_Directions for this task_
Reproduce the records exactly, beginning with their first line and ending with the line that contains "The Croydon Canal, a bridge and horse", and output nothing more.

_Supplied data_
================================

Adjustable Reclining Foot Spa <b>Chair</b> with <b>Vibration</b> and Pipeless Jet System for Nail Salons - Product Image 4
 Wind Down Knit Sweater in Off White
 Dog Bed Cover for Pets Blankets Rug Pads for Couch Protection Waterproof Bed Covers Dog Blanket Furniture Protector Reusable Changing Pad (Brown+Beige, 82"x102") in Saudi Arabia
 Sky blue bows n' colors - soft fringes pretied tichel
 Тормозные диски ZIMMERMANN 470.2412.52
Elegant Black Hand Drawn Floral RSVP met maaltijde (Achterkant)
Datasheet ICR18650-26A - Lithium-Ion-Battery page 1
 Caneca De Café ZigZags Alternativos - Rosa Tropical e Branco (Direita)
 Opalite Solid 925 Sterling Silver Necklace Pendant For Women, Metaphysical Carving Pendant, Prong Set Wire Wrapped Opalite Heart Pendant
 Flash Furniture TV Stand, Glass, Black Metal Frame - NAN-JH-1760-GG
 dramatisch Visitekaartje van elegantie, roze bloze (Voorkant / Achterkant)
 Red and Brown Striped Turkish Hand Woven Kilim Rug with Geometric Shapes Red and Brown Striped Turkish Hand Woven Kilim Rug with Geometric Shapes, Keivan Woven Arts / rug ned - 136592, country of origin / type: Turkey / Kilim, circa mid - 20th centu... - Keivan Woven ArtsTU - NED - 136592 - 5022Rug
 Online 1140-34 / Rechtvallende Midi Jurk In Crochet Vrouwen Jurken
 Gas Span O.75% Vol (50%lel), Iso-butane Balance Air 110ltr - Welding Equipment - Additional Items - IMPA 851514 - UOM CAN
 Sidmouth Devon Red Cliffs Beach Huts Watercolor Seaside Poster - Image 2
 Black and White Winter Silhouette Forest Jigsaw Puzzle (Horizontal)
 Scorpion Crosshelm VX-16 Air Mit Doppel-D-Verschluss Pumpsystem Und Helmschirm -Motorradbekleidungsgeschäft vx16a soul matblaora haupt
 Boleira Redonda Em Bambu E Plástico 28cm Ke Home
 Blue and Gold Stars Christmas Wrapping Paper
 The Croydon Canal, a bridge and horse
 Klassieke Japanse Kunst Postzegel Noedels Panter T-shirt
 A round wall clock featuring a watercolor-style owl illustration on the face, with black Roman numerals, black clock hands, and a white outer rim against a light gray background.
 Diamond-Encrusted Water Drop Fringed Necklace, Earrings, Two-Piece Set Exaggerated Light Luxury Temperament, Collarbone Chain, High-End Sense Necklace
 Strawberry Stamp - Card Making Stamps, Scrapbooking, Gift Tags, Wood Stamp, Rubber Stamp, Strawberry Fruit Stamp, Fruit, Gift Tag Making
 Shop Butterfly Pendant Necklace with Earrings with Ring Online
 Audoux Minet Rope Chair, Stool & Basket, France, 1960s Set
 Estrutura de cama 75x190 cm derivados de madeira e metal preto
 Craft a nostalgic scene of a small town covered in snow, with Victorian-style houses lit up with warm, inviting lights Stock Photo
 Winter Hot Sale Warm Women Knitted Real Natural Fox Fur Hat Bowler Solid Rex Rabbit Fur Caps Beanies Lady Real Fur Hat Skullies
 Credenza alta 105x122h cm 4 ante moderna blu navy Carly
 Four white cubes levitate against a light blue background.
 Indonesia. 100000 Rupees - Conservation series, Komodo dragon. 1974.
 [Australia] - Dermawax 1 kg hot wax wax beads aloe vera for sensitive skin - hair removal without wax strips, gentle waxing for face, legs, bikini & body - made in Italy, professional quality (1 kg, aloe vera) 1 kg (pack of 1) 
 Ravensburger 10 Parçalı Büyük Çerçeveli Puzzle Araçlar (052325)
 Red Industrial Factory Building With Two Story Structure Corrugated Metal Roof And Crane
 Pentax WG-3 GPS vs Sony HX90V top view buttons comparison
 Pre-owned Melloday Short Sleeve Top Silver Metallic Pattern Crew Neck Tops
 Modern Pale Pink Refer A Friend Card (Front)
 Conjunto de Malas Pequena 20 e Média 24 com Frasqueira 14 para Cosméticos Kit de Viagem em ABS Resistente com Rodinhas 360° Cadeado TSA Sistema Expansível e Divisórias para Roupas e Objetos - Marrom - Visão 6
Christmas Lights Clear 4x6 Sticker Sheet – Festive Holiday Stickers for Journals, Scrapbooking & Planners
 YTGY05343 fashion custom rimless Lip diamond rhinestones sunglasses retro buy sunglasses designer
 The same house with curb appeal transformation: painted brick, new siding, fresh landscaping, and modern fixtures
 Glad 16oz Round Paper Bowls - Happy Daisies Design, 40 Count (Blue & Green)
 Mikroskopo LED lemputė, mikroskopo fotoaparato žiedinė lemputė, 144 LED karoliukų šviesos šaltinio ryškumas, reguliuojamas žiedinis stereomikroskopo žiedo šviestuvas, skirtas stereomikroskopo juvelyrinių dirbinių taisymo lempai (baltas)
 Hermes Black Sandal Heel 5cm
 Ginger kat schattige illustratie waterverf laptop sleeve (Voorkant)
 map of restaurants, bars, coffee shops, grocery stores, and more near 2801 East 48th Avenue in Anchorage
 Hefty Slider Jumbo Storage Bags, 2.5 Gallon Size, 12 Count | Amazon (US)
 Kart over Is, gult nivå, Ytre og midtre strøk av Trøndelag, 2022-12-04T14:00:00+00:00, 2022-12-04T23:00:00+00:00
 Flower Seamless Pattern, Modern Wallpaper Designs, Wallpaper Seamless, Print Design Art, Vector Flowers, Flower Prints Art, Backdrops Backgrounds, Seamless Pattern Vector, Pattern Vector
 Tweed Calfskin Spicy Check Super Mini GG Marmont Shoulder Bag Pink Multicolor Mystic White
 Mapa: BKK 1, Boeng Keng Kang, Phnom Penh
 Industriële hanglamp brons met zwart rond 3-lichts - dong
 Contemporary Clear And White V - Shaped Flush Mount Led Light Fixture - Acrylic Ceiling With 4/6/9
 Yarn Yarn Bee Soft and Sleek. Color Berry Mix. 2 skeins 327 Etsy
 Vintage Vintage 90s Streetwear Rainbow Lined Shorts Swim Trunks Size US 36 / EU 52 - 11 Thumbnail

================================

_Solution_
Adjustable Reclining Foot Spa <b>Chair</b> with <b>Vibration</b> and Pipeless Jet System for Nail Salons - Product Image 4
 Wind Down Knit Sweater in Off White
 Dog Bed Cover for Pets Blankets Rug Pads for Couch Protection Waterproof Bed Covers Dog Blanket Furniture Protector Reusable Changing Pad (Brown+Beige, 82"x102") in Saudi Arabia
 Sky blue bows n' colors - soft fringes pretied tichel
 Тормозные диски ZIMMERMANN 470.2412.52
Elegant Black Hand Drawn Floral RSVP met maaltijde (Achterkant)
Datasheet ICR18650-26A - Lithium-Ion-Battery page 1
 Caneca De Café ZigZags Alternativos - Rosa Tropical e Branco (Direita)
 Opalite Solid 925 Sterling Silver Necklace Pendant For Women, Metaphysical Carving Pendant, Prong Set Wire Wrapped Opalite Heart Pendant
 Flash Furniture TV Stand, Glass, Black Metal Frame - NAN-JH-1760-GG
 dramatisch Visitekaartje van elegantie, roze bloze (Voorkant / Achterkant)
 Red and Brown Striped Turkish Hand Woven Kilim Rug with Geometric Shapes Red and Brown Striped Turkish Hand Woven Kilim Rug with Geometric Shapes, Keivan Woven Arts / rug ned - 136592, country of origin / type: Turkey / Kilim, circa mid - 20th centu... - Keivan Woven ArtsTU - NED - 136592 - 5022Rug
 Online 1140-34 / Rechtvallende Midi Jurk In Crochet Vrouwen Jurken
 Gas Span O.75% Vol (50%lel), Iso-butane Balance Air 110ltr - Welding Equipment - Additional Items - IMPA 851514 - UOM CAN
 Sidmouth Devon Red Cliffs Beach Huts Watercolor Seaside Poster - Image 2
 Black and White Winter Silhouette Forest Jigsaw Puzzle (Horizontal)
 Scorpion Crosshelm VX-16 Air Mit Doppel-D-Verschluss Pumpsystem Und Helmschirm -Motorradbekleidungsgeschäft vx16a soul matblaora haupt
 Boleira Redonda Em Bambu E Plástico 28cm Ke Home
 Blue and Gold Stars Christmas Wrapping Paper
 The Croydon Canal, a bridge and horse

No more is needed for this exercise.